In what will likely be considered a controversial move by some fans, senior director of ticket sales David Siegel, announced on Tuesday that the Dodgers are expanding their variable ticket pricing program for single-game tickets. The intent of this expansion is to be more fan friendly and to follow the industry precedent that most teams already adhere to.
A main objective of this new plan is to encourage more fans to become season ticket holders. In comparison, purchasing season tickets results in an overall savings for fans as opposed to buying the tickets individually throughout the season.
“We believe the pricing encourages fans to explore the benefits of being a season-seat holder,” said Siegel, who added that season-ticket sales have been very strong.
The new program will involve four separate tiers of pricing and is notated by stars. Four-starred games will be the most expensive tiers and include six separate games — Opening Day on April 1st against the San Francisco Giants, July 30th and 31st when the New York Yankees come to town and August 23-25 when the Dodgers host the Boston Red Sox. Prices for these games in the upper deck will be $30 each.
All the three-star games coincide with a promotional giveaway, including all of the bobblehead giveaways that fans love. They also include all games that are scheduled to have a fireworks show at the conclusion of the game. For this tier of games, the price drops slightly to between $20 and $26 for the same upper deck tickets.

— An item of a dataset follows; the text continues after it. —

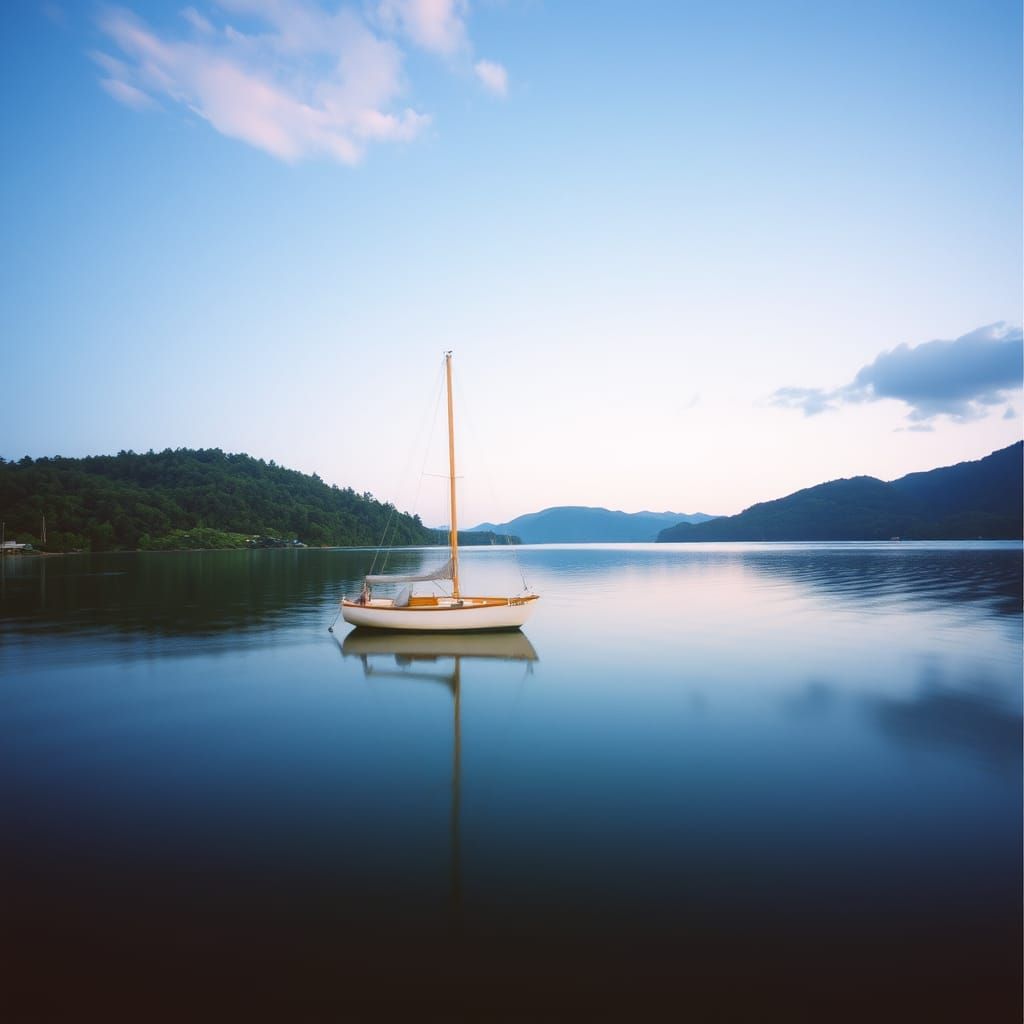 Nostalgic Lake Ouachita Landscape in 80s Photography Style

In all, there are 26 games that are three-star games.
There are 33 games that fall into the two-star tier of the Dodgers’ pricing plan, 25 of which are for games that offer the remaining 25 promotions on the schedule and range in price from $10 to $16.
Only one of the one-star games fall on a day other then a Monday, Tuesday or Wednesday and drop in price from $8 to $16 and includes one exhibition game.
The prices for the one-tier games represents a price decrease from last season when those same tickets cost $13 per game. This means that 20 percent of the games in 2013 will actually be at a decreased price from last season. The Dodgers hope will help entice fans to come out to some of those games.
These prices and tiers are now set in stone and will not change later in the season, even if a game becomes more appealing because of a pennant race, pitching matchup or any mid-season acquisitions.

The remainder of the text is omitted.